Kerry zwrócił uwagę, że problem wiz i cała polityka imigracyjna USA dotyczą także bezpieczeństwa USA.
"Jako prezydent, będę pracował z Polską i kwalifikującymi się (do zniesienia wiz - PAP) krajami Europy Środkowej i Wschodniej, aby stworzyć nowoczesne i odpowiadające aktualnym potrzebom warunki, które zrównoważą nasze wymagania dotyczące bezpieczeństwa z naszymi bliskimi więziami z tymi krajami" - oświadczył.
"Doprowadzę do zrównoważenia naszych potrzeb w zakresie bezpieczeństwa z potrzebą unowocześnienia sposobu, w jaki ludzie podróżują z Polski i innych krajów Europy Środkowej i Wschodniej do USA" - czytamy w oświadczeniu.
W innym ogłoszonym w piątek oświadczeniu, skierowanym do Amerykanów polskiego pochodzenia, Kerry powtórzył wspomniane deklaracje na temat wiz.
Podkreślił w nim także, że po wejściu do NATO Polska "okazała się niezawodnym partnerem i gwarantem bezpieczeństwa sojuszu, z ochroną granic włącznie", a po wejściu do Unii Europejskiej, Polska i inni nowi członkowie UE "przyjęli zobowiązanie do zabezpieczenia zewnętrznych granic Unii".
Departament Stanu USA, poproszony o reakcję na oświadczenie Kerry?ego, odmówił jego bezpośredniego komentowania i powtórzył znane stanowisko administracji prezydenta George'a W.Busha w sprawie wiz.
Rzeczniczka Departamentu Stanu Margaret Squire, zapytana czy rząd USA jest za zniesieniem wiz dla Polaków, odpowiedziała: "Traktujemy poszczególne kraje osobno, na zasadzie indywidualnej.

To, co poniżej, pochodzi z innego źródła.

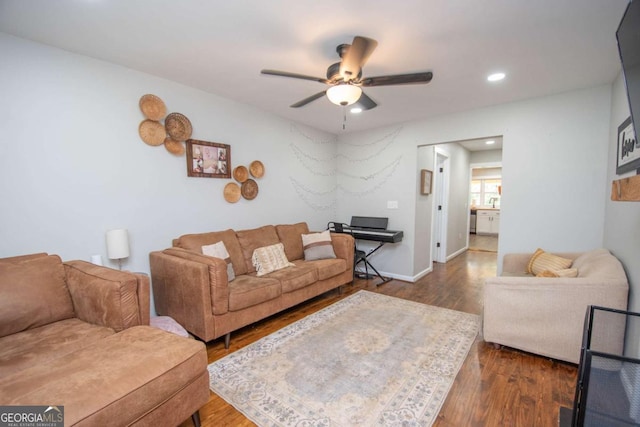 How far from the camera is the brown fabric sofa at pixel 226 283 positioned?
7.41 feet

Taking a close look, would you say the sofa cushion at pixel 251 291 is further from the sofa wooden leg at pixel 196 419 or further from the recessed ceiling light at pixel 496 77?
the recessed ceiling light at pixel 496 77

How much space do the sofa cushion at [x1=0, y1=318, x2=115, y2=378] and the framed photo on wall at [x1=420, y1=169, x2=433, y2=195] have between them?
163 inches

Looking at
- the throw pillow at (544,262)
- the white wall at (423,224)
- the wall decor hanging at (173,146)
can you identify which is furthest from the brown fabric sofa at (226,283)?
the throw pillow at (544,262)

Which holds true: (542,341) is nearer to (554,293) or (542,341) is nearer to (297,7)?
(554,293)

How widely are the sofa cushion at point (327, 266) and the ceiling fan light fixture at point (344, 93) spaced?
1.88 meters

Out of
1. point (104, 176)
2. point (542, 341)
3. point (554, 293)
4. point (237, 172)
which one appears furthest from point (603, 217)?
point (104, 176)

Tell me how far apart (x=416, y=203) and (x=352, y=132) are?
1670mm

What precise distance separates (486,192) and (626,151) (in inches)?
314

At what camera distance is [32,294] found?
1699 mm

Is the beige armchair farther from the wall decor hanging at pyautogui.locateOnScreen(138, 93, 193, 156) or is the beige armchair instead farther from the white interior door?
the wall decor hanging at pyautogui.locateOnScreen(138, 93, 193, 156)

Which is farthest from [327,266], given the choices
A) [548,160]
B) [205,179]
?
[548,160]

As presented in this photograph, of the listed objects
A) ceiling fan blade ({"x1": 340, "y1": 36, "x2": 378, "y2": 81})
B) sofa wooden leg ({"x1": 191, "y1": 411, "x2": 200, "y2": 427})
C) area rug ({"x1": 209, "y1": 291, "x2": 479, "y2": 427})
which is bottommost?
area rug ({"x1": 209, "y1": 291, "x2": 479, "y2": 427})

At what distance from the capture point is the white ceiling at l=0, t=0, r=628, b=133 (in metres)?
1.66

Jest ku temu wiele powodów. Jeżeli Polska się zakwalifikuje (do programu bezwizowego - PAP), to oczywiście jesteśmy za".
Przypomniała, że do zakwalifikowania się do programu bezwizowego, kraj musi spełniać "określone kryteria" i podkreśliła, że "przepisy wizowe są kwestią prawną", a nie polityczną.
W oświadczeniu do Polonii amerykańskiej Kerry przypomniał też udział polskich wojsk w operacji w Iraku i ofiary wśród żołnierzy i zarzucił Bushowi, że nie okazał należytej "wdzięczności Polsce za jej poświęcenie i lojalność, stosując wykręty wobec polskich firm (w Iraku)".
"Stanowczo uważam, że najlepszym sposobem zaangażowania naszych przyjaciół i sojuszników w przyszłość Iraku jest udzielenie im równego dostępu do wielomiliardowych kontraktów na odbudowę tego kraju. Zagwarantuję, że Polska będzie traktowana jak równy partner w powojennej odbudowie (Iraku)" - czytamy w oświadczeniu.